• DESCRIPTION OF THE TASK
The entries below contain pictures, which are to be left out; write out exactly, and only, the lines from the line with "DPR Korea 1986 - Tenis, bloc neuzat" up to and including the line with "V&B Waschtischunterschrank Finion".
START INPUT RECORDS
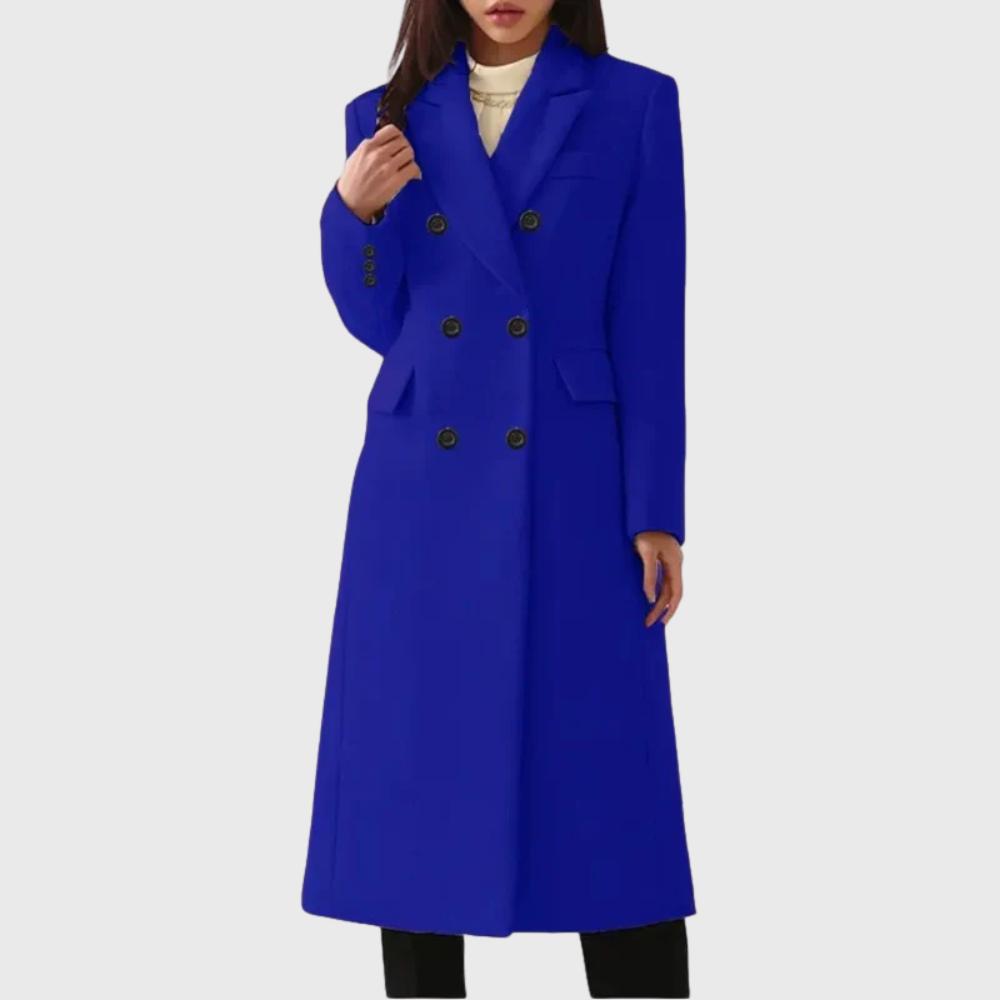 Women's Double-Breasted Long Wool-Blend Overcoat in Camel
END INPUT RECORDS
START INPUT RECORDS
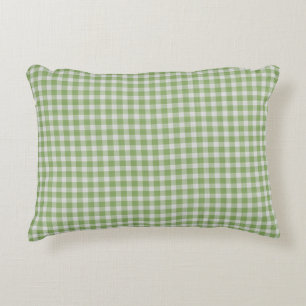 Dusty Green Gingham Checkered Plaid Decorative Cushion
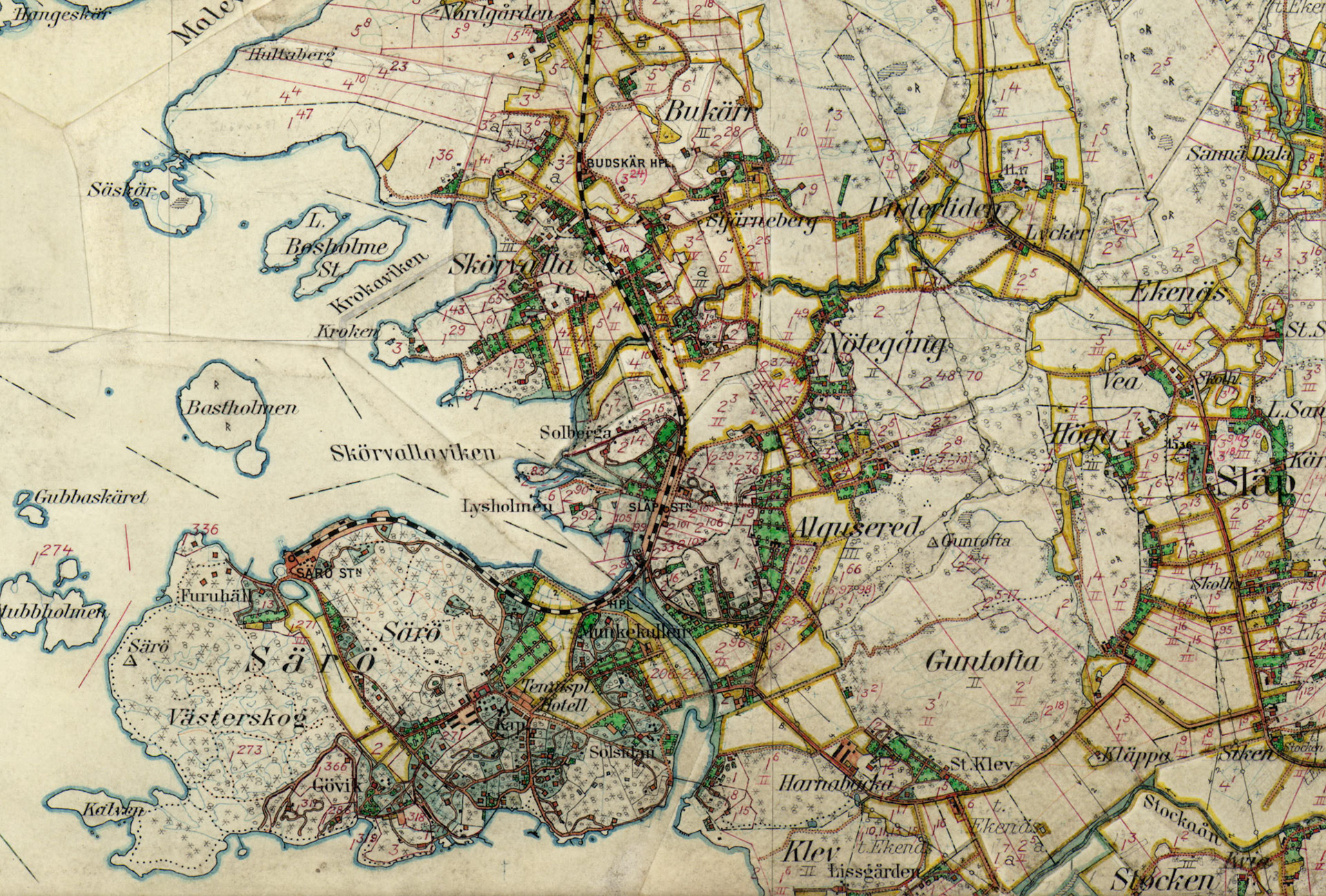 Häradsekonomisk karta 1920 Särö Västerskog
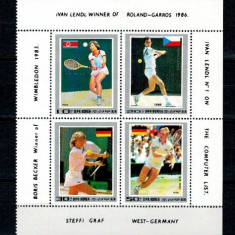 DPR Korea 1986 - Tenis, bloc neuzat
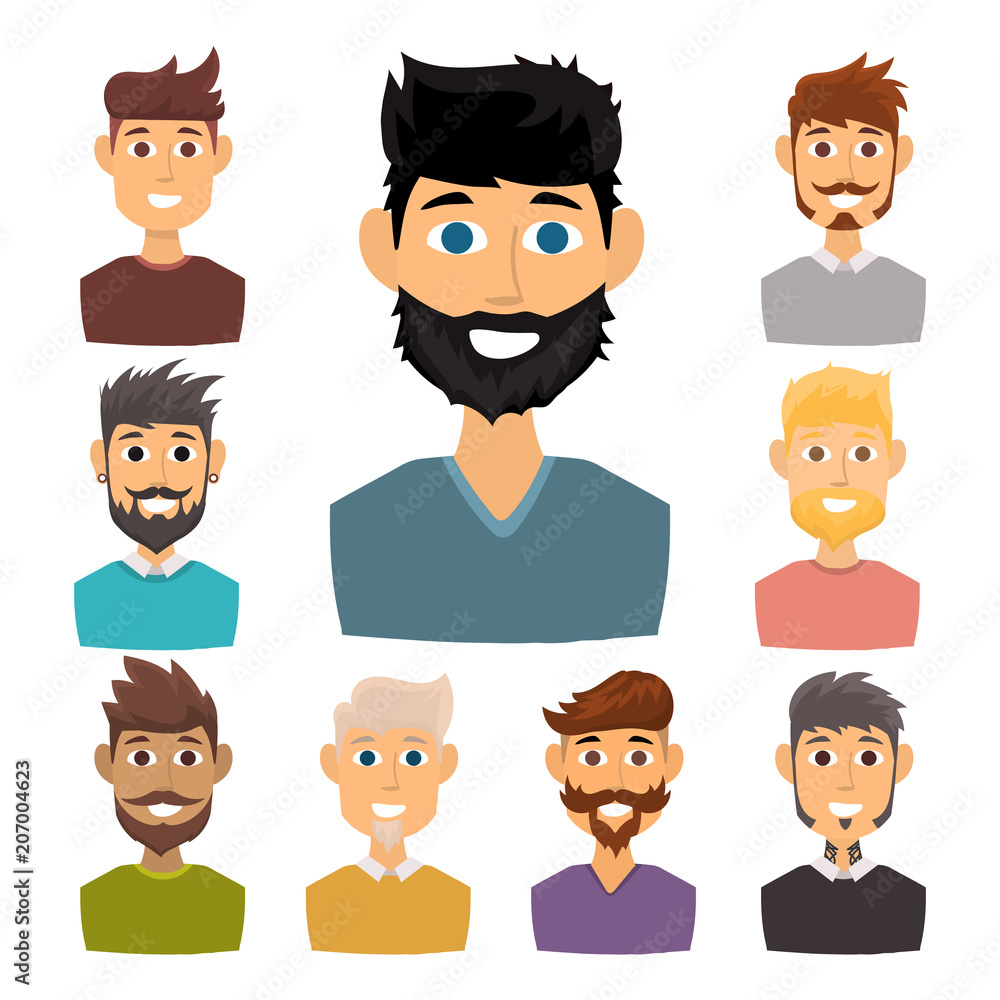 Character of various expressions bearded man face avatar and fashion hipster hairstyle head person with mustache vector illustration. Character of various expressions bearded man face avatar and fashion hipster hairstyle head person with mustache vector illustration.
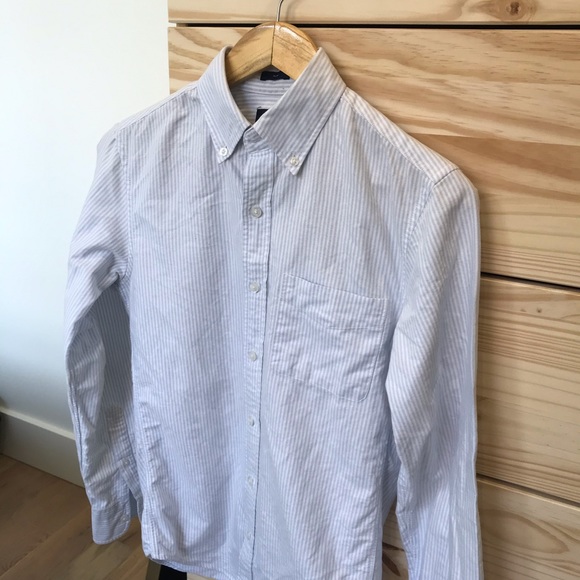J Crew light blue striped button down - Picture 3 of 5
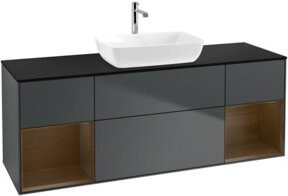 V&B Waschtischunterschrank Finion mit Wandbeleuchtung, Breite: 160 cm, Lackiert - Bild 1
END INPUT RECORDS
• OUTPUT OF THE TASK
 DPR Korea 1986 - Tenis, bloc neuzat
 Character of various expressions bearded man face avatar and fashion hipster hairstyle head person with mustache vector illustration. Character of various expressions bearded man face avatar and fashion hipster hairstyle head person with mustache vector illustration.
J Crew light blue striped button down - Picture 3 of 5
 V&B Waschtischunterschrank Finion mit Wandbeleuchtung, Breite: 160 cm, Lackiert - Bild 1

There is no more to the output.